Entrambi, inoltre, sono stati condannati a risarcire il danno procurato al sottufficiale dell’Arma, costituitosi parte civile con l’assistenza dell’avvocato Mariella Martinciglio. Il giudice Blanda stabilì che Sgarbi, difeso dall’avvocato Giovanni Di Giovanni di Caltanissetta, gli dovrà versare 30 mila euro, mentre la Favuzza 5 mila euro. La Corte d’appello ha confermato. Sgarbi e Favuzza, per i quali il pm aveva invocato 9 mesi di reclusione, avrebbero rilasciato dichiarazioni «tendenti a gettare discredito sull’operato» del sottufficiale, paventando anche qualche rapporto o conoscenza con Pino Giammarinaro, ex deputato regionale della Dc, andreottiano, coinvolto in varie indagini. Ma la conoscenza che il sottufficiale aveva di Giammarinaro sarebbe derivata da attività di pg nell’indagine che in seguito verrà chiamata «Salus Iniqua» e in altre che furono alla base del provvedimento sfociato nello scioglimento del Comune di Salemi per infiltrazioni mafiose.

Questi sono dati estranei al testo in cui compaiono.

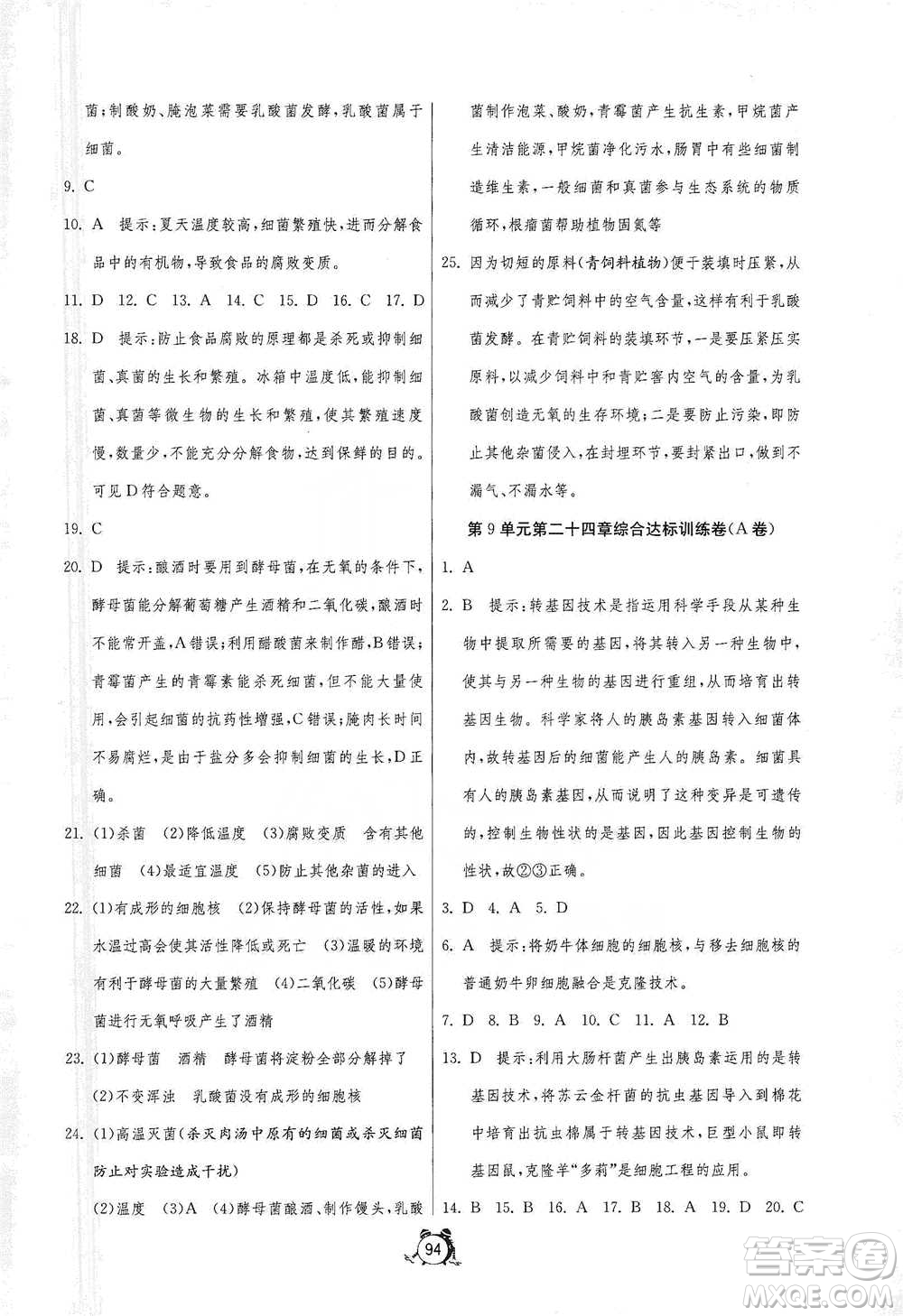 江蘇人民出版社2021單元雙測(cè)全程提優(yōu)測(cè)評(píng)卷八年級(jí)下冊(cè)生物學(xué)蘇教版參考答案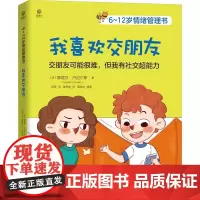 6-12岁情绪管理书 我喜欢交朋友 儿童社交技能训练书籍 亲子共读绘本如何培养孩子的社交书情商培养 沟通交流技巧儿童心理
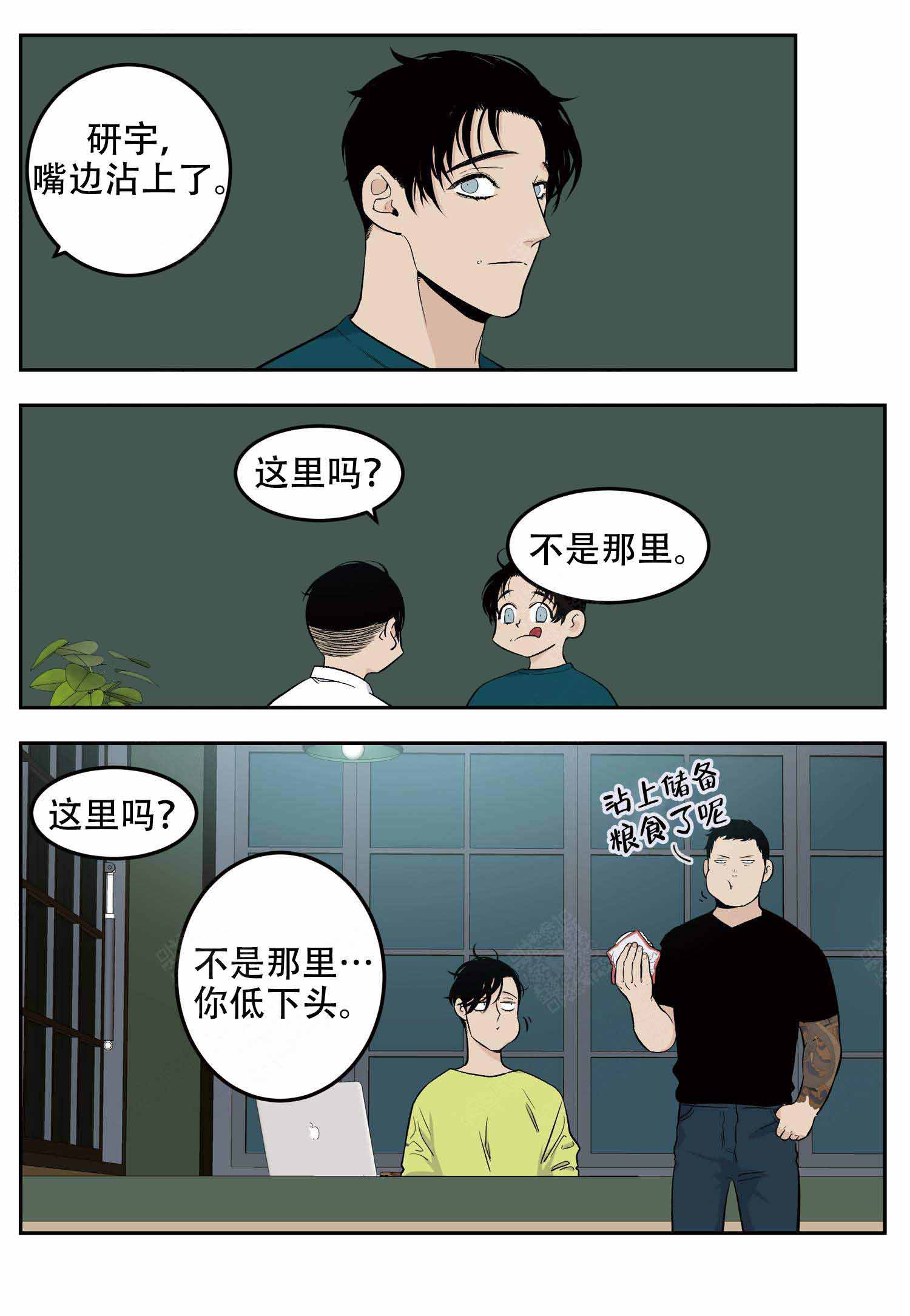 《店长体验官》漫画最新章节第13话免费下拉式在线观看章节第【10】张图片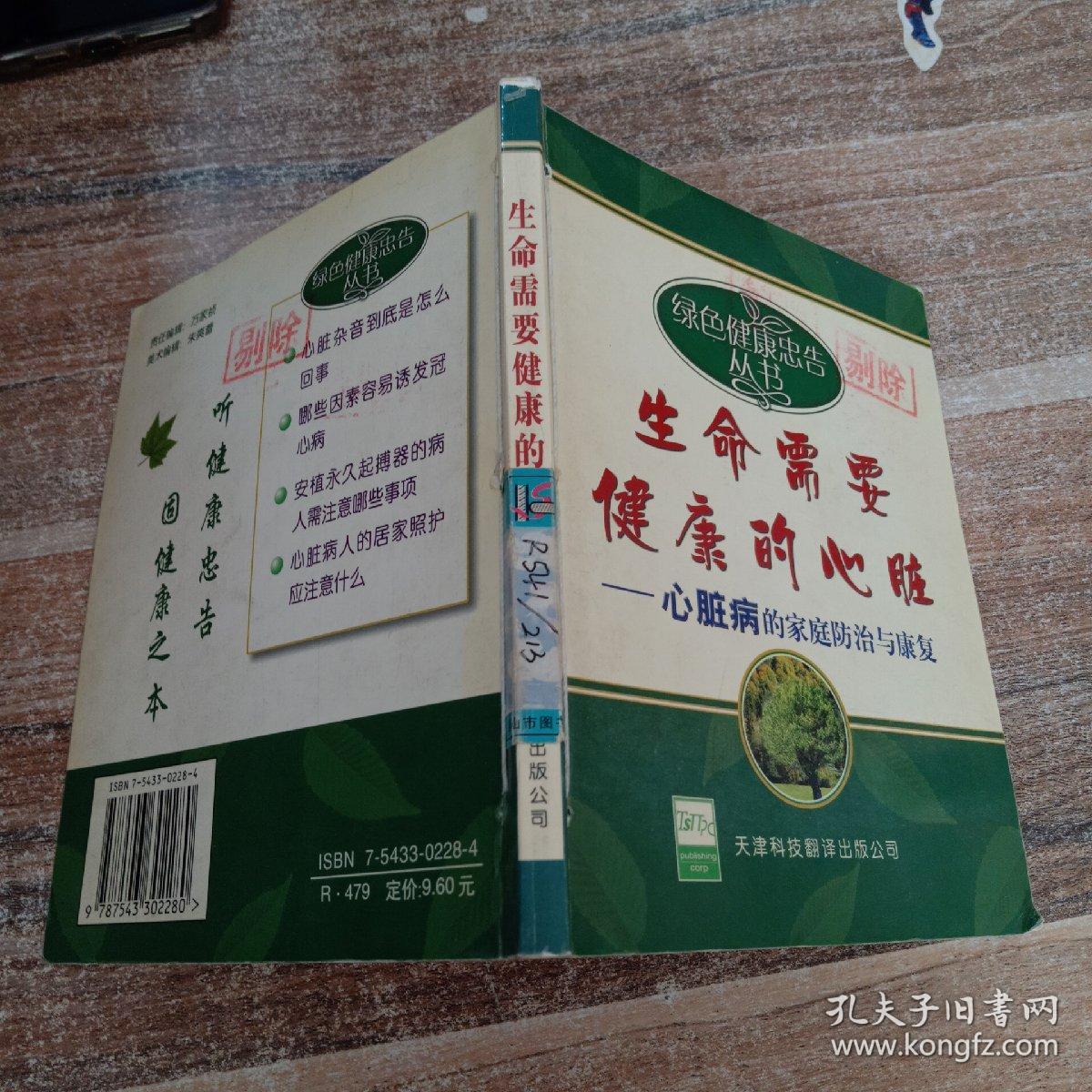 生命需要健康的心脏：心脏病的家庭防治与康复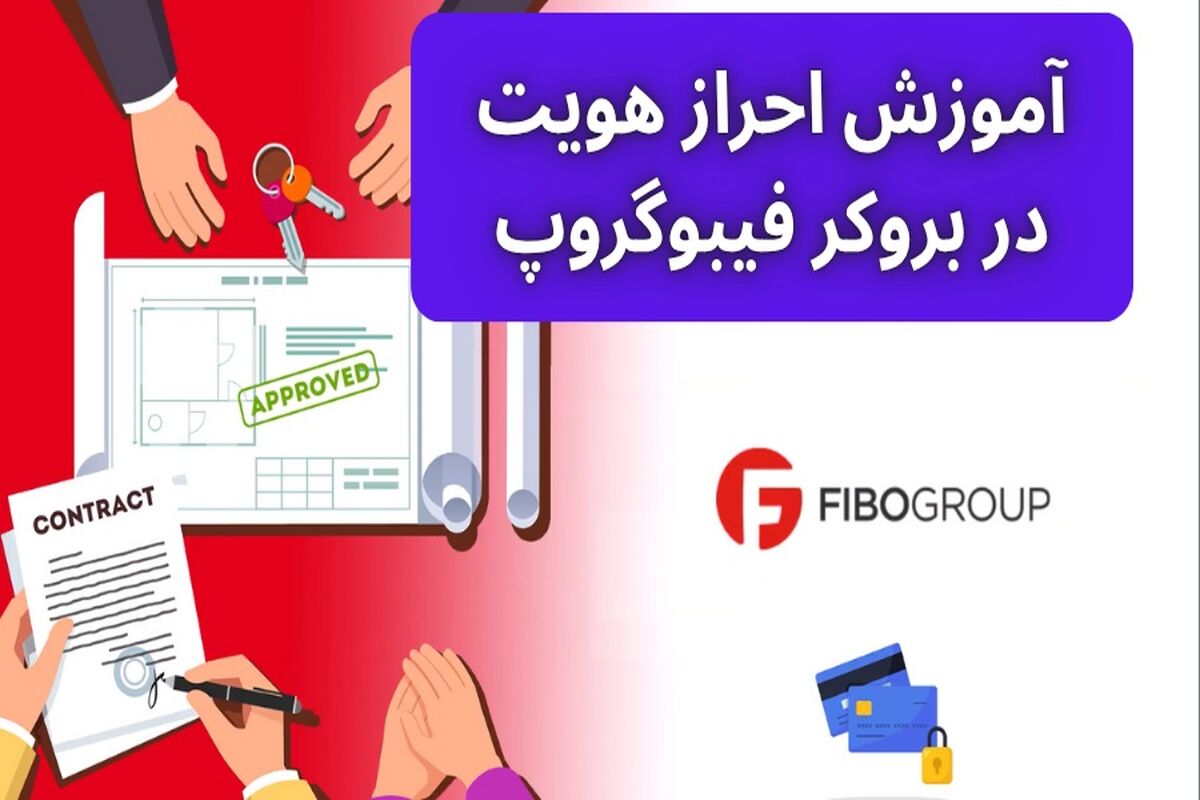 احراز هویت فیبوگروپ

Indagini che Sgarbi definì «corrotte perché senza alcun riscontro oggettivo». Nello stesso processo, Sgarbi e Favuzza erano accusati di avere diffamato anche un ex consigliere comunale di Salemi, Melchiorre Angelo, in passato sostenitore della loro giunta. Da questa accusa in primo grado sono stati entrambi assolti, ma adesso la Corte d’appello ha sentenziato che Sgarbi e Favuzza dovranno risarcire, in solido, il consigliere con 5 mila euro. I due imputati, infine, sono stati condannati a pagare le ulteriori spese processuali, nonché, con 1.200 euro ciascuna, quelle sostenute dalle due parti civili.